The City of Winnipeg and the Winnipeg Goldeyes appear to be striking out over a new lease agreement for Shaw Park.
For years, the two sides have been trying to come to terms on a new deal for the stadium — which sits on city-owned land — before the current 25-year lease expires in July 2023.
Riverside Park Management Inc., the non-profit that manages the park’s property matters, says it wants to reach a deal early to obtain financing to pay for planned capital improvements.
But a new report prepared for council’s property and development committee shows those talks have so far been a swing and a miss for both sides.
Under the original deal, Riverside has been paying $1 a year to lease the park from the city, and, according to the report, also gets annual tax subsidies to the tune of $342,000.

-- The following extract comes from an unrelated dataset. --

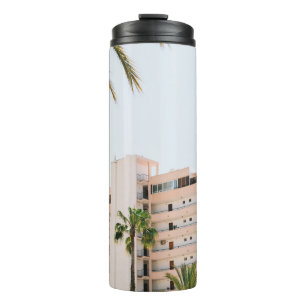 GARRAFA TÉRMICA EDIFÍCIO DE CONCRETO BRANCO AO LADO DA ÁRVORE DE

In a proposed new lease outlined for councillors in the administrative report, the city wants the team to pay $150,000 a year in rent, an amount recommended by a city consultant in 2016.
Riverside has said it doesn’t think that’s a fair deal, according to the report.
The report says the non-profit has also said no to a city proposal that would see Riverside start paying all municipal taxes — and give up the subsidies — as part of the new lease agreement.
Property and development chair, Coun. Brian Mayes (St. Vital) says a major sticking point between the two sides is who will control a pair of parking lots near the stadium site.
Currently, the lots are run by the Goldeyes, bringing in $375,000 a year for the team, according to the report.
“I’m sure some people would say we shouldn’t be subsidizing any of this,” Mayes told 680 CJOB Tuesday after the report was made public.
“(Others) would say, well look, they’re a great benefit to downtown, they provide jobs, they bring 200,000 (people) a year into the downtown.
“The Bombers and the Jets have certainly had some benefits from City Hall, so I think that’s trying to strike the balance.”
The report, which will be presented to the property and development committee at their Oct. 28 meeting, says the city has lost nearly $7.5 million in taxes and $5.2 million in parking revenue over the life of the lease.
Goldeyes owner and former Winnipeg mayor, Sam Katz, told 680 CJOB he’s going to wait until the committee meets to speak about the lease negotiations.
While Mayes called the current $1-a-year lease “clearly a problem”, he said he is confident the two sides have enough time to eventually come to an agreement.
“He needs a ballpark and we need a team for our ballpark,” said Mayes.
“So we should be able to hammer out some sort of a deal.”